**WHAT IS NEEDED**. Exactly the lines from the start of the data below through the line that contains "Women's Classic American" are to be copied, with pictures left out.

**SUPPLIED INFORMATION**.
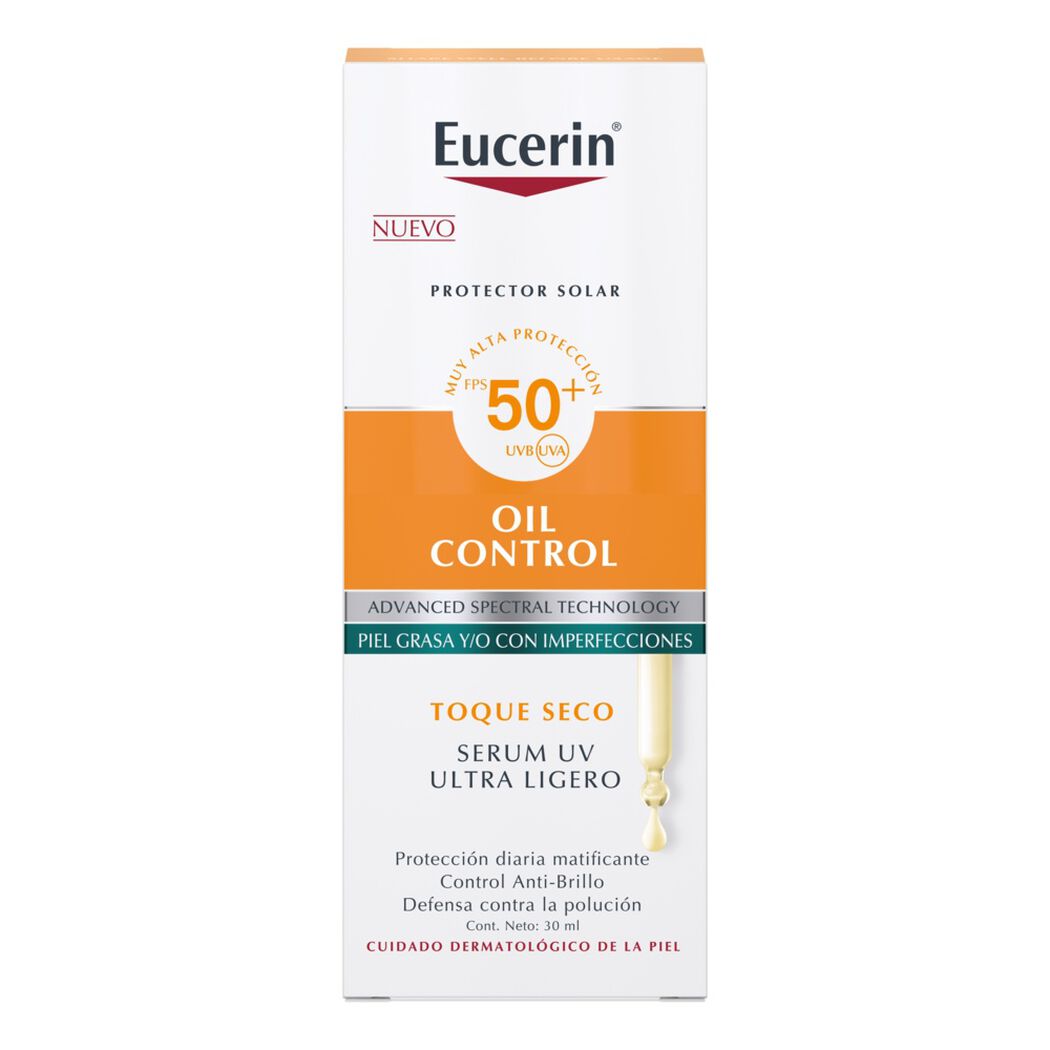 Protector Solar Eucerin Serum Oil Control UV Diario Ultra Ligero FPS 50+ 30ml, , large image number 2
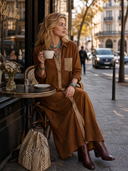 Women's Classic American Western Vintage Faux Suede Long-Sleeve Single-Breasted Maxi Dress ZMZ1090H2ZYY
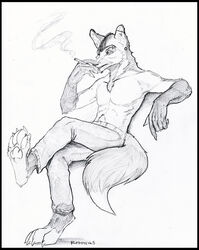 anthro biped black_border border canid canine canis cigarette clothed clothing ear_piercing full-length_portrait graphite_(artwork) industrial_piercing male mammal monochrome paws pencil_(artwork) piercing portrait reddyeno5 sitting sketch smoke smoking solo tail topless traditional_media_(artwork) wolf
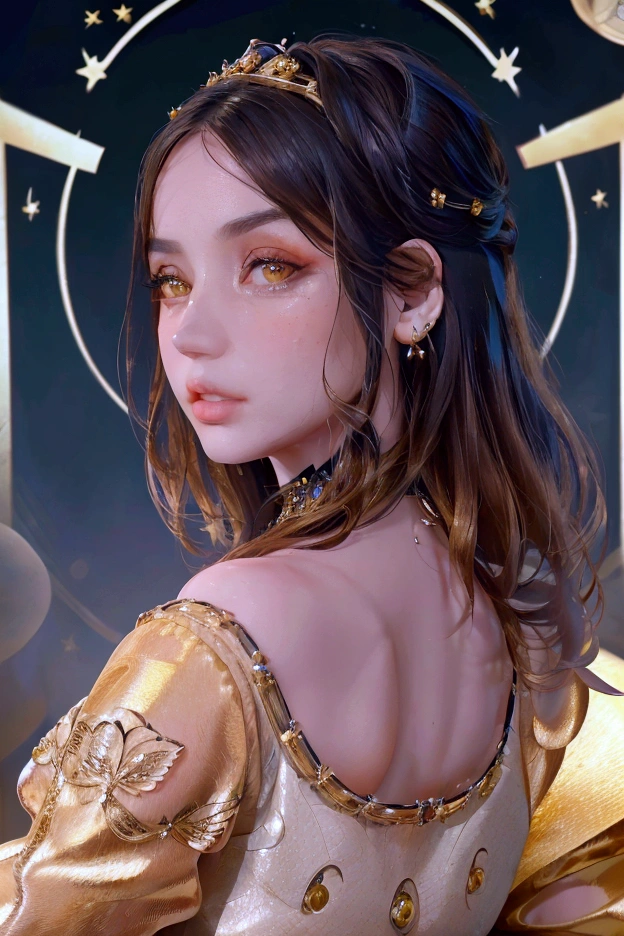 a radiant fantasy landscape, a girl in the center, beautiful detailed eyes, beautiful detailed lips, extremely detailed face, long eyelashes, ornate golden crown, intricate golden jewelry, flowing dress, ethereal glowing aura, sunbeams shining through clouds, vivid colors, dramatic lighting, dramatic cinematic composition, photorealistic, highly detailed, 8k, best quality, masterpiece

**TASK SOLUTION**.
 Protector Solar Eucerin Serum Oil Control UV Diario Ultra Ligero FPS 50+ 30ml, , large image number 2
 Women's Classic American Western Vintage Faux Suede Long-Sleeve Single-Breasted Maxi Dress ZMZ1090H2ZYY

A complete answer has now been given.